Our parents or grandparents knew for themselves and counseled those who would listen that marriage was meant to keep you safe — from exhaustion, starvation or disrepute.

Industrialization ended exhaustion. Social Security ended starvation. Disrepute still remains in some circles, but not for much longer.

The state’s interest in marriage was clear when it was the mechanism used to convey property, wealth and security. It’s difficult to grasp that only a little more than a century ago, children and wives were considered property themselves! Today, property is controlled or conveyed in other ways. Marriage often has nothing to do with it.

What had been an institution promoting economic stability has become something else altogether.

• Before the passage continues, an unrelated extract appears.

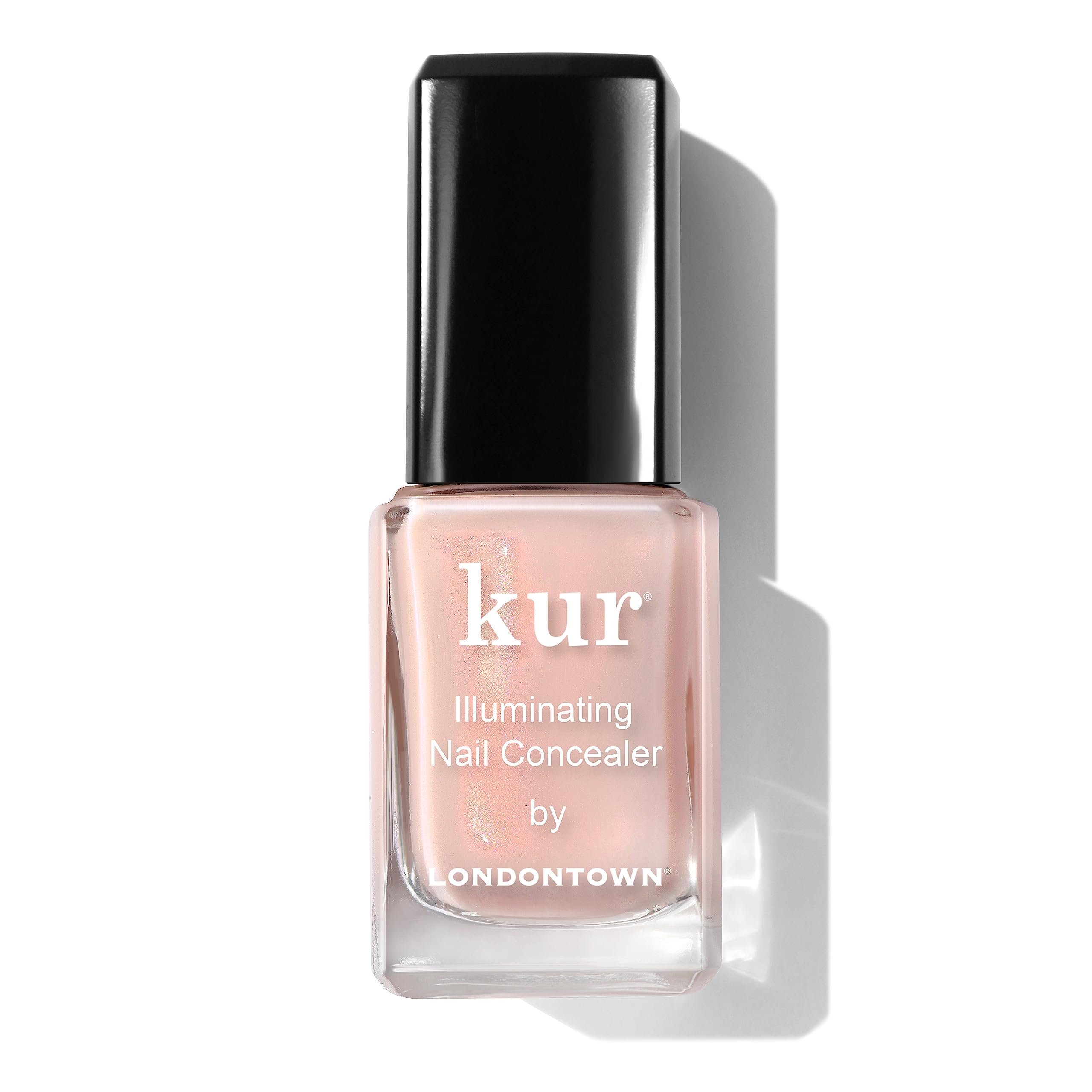 LONDONTOWN Bubble Illuminating Nail Concealer en tono rosado, cubre descoloración con brillo natural.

It’s taken another generation to begin to say what marriage is becoming.

We were raised in households where marriage was considered the most reliable instrument for economic security. Our grandparents weathered hard times in their marriages by silently reminding themselves, “I’m not happy, but at least I’m not hungry.” When we eliminated the second half of that sentence, marriage lost its historical imperative.

Is it any wonder that divorce is so common? The ground beneath us began shifting in the 1960s, but nobody told us. Marriage was seen as important enough that it should be preserved and promoted, but not for its original reasons. “Till death do us part” became “until further notice.”

Fidelity hasn’t changed — marriage has.

Right or wrong, it’s now seen as a reliable vehicle to achieve personal happiness and fulfillment. Divorce rates cause some to question that perception, but we’re in a cultural maelstrom. It’s too soon to know what new social good marriage might help promote.

It’s not too soon to say that homosexuals have every right to share that hope with conventional couples.